Generalized Director Approach for Liquid-Crystal-Based Reconfigurable RF Devices

TL;DR

This paper introduces a computationally efficient integral-equation model for liquid crystal director tilting in reconfigurable RF devices, improving accuracy over previous methods by accounting for all elastic constants.

Contribution

It generalizes the director modeling approach to include all elastic constants, enhancing precision while maintaining simplicity.

Findings

Good agreement with numerical methods

Reduced error with lower voltage or dielectric anisotropy

More physically insightful modeling

Abstract

This letter presents a closed-form integral-equation formulation that models the director tilting in nematic liquid crystals. The proposed formulation is computationally efficient compared to numerical methods and provides a physical insight on the matter. Our previous work is generalized from the one-constant approach to all the possible cases that cover the elastic constants.
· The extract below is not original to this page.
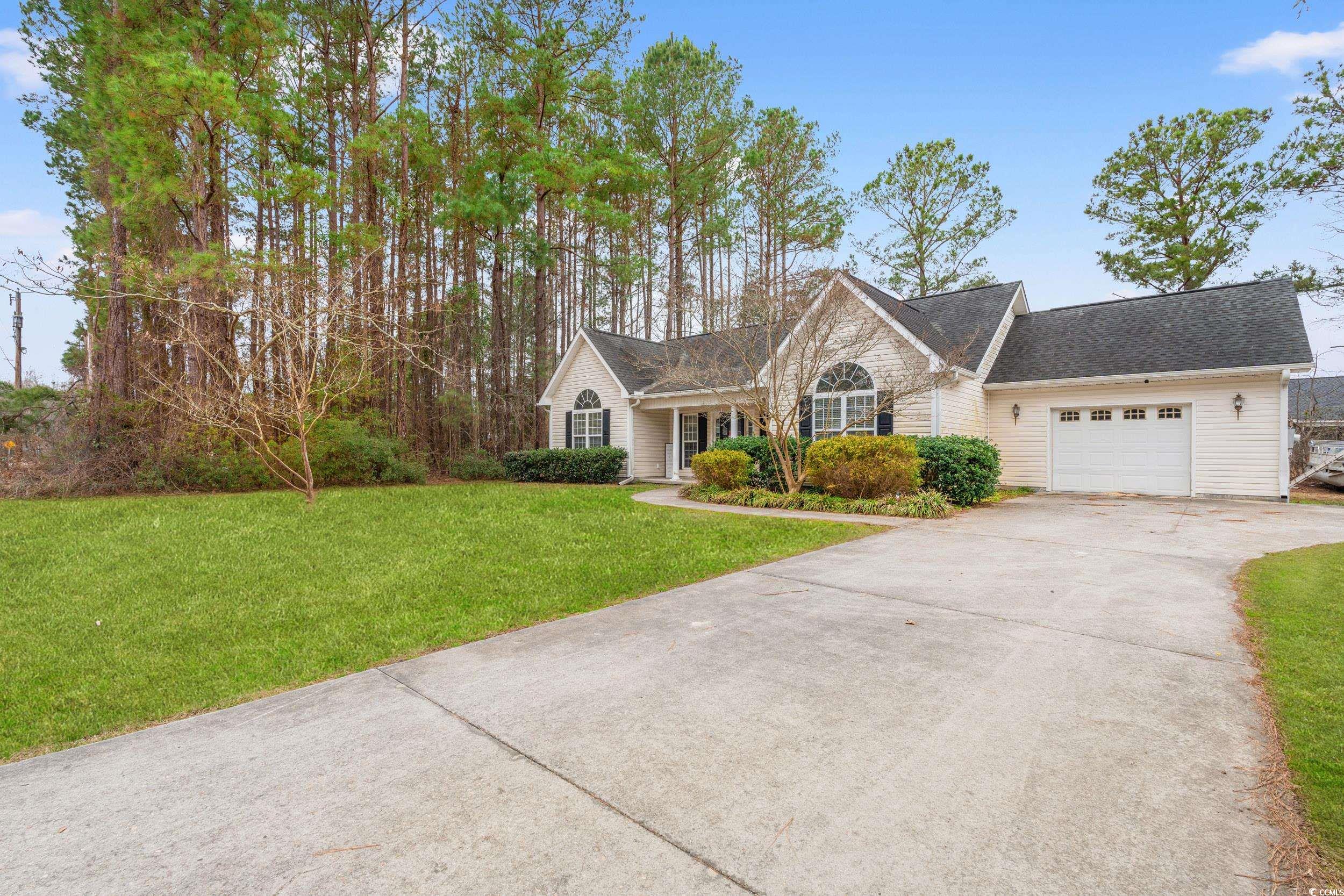3471 Spivey Street Loris, SC 29569 - Photo 2 of 31 View of front facade featuring a garage and a fron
These constants determine in great extent the electrical properties of the liquid crystal, and subsequently, the response of the reconfigurable devices that take use of it. Therefore, a more precise but still simple modeling of their influence is pursued here. Simulations show good agreement with numerical implementations. In comparison, the error in the estimation is considerably reduced when using the integral-equation formulation, specially as the polarization voltage or the dielectric anisotropy decreases.